Мирович — страница 37 из 77

Музыка смолкла. Гросфатер кончился. Все двинулись на балкон.

За прудом, отражаясь в воде, пылала хитро устроенная брильянтовая колоннада. На столбах горели урны; из каждой вылетали звёзды и били разноцветные огненные фонтаны. И над всей этой картиной, в дыму, как на облаках, обозначился щит с буквами П и Е.

— Пётр и Екатерина, — пояснил кто-то по-немецки своей даме, проходя аллеей мимо Ломоносова.
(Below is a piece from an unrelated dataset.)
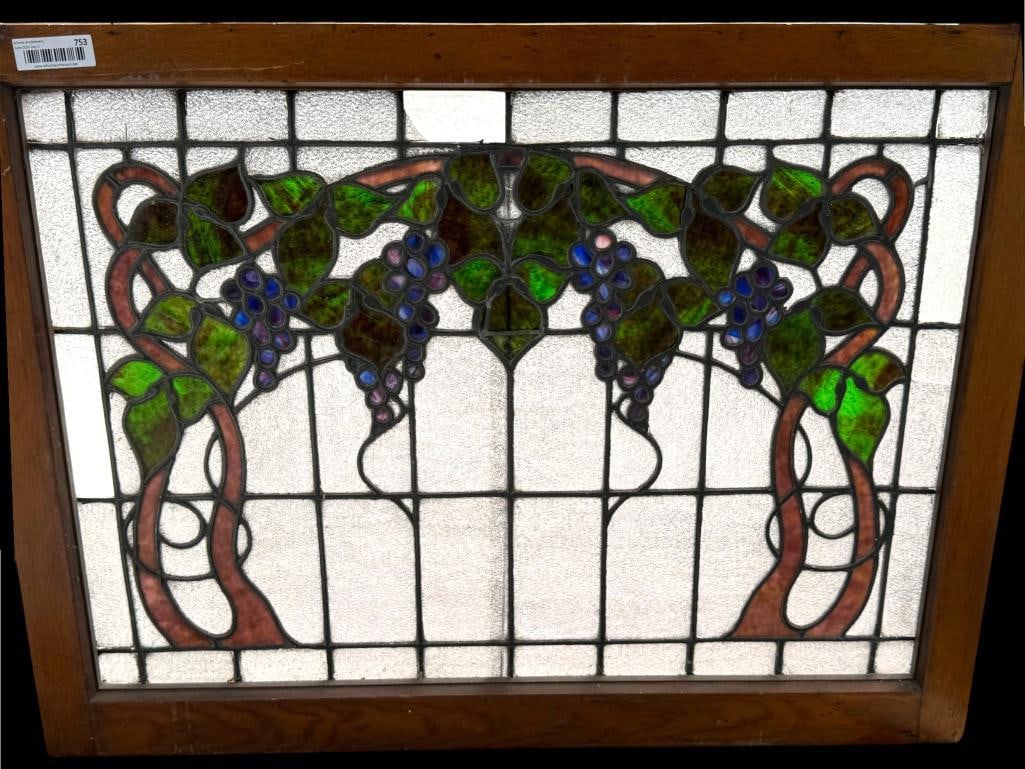 Leaded Glass Window with Grapevine design (1 of 6)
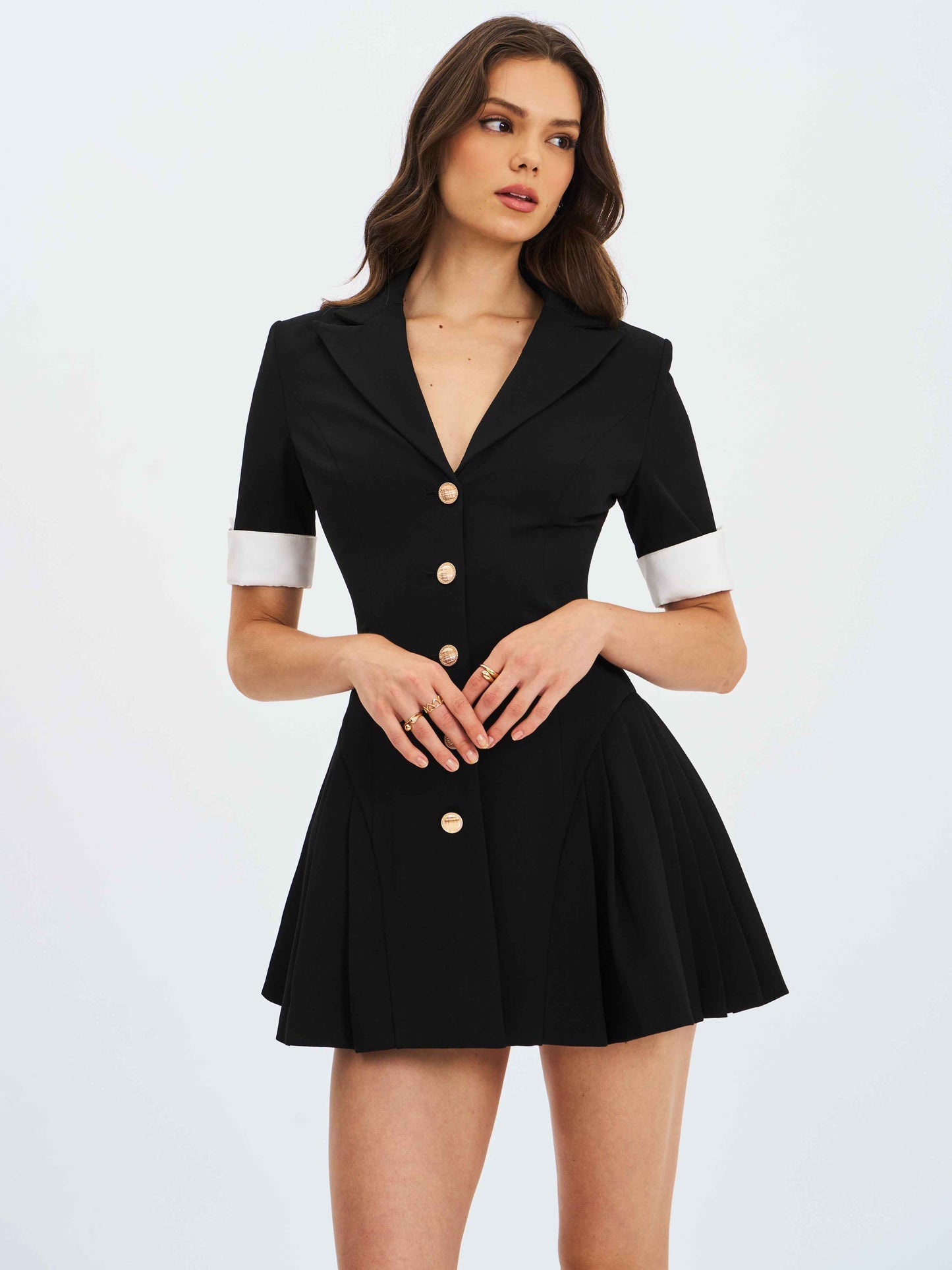 Ilitha Black Woven Crepe Pleated Mini Blazer Dress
— Пётр… и Елизавета, Лизка Воронцова… — сердито проворчал им вслед по-русски другой голос из темноты. — На какой только вербе оную метреску повесит свет-матушка наша, Екатерина Алексеевна?

«Э-ге-ге! да Бог не без милости! — сказал себе Михайло Васильевич. — Друзья-то нашей разумницы есть и здесь, в самом лагере её супостатов…»

Ломоносов вздохнул. Ему вспомнилось в это мгновенье время за двадцать лет назад, празднества и фейерверки в честь императора Иоанна Антоновича. Тот же блеск, шум и суета, но где всё это? И где теперь сам виновник тех торжеств?

Последний сноп ракет с треском взлетел и рассыпался в воздухе. Призыв к танцам опять раздался в доме.

Распоряжался теперь голубой лихач-гусар, Собаньский.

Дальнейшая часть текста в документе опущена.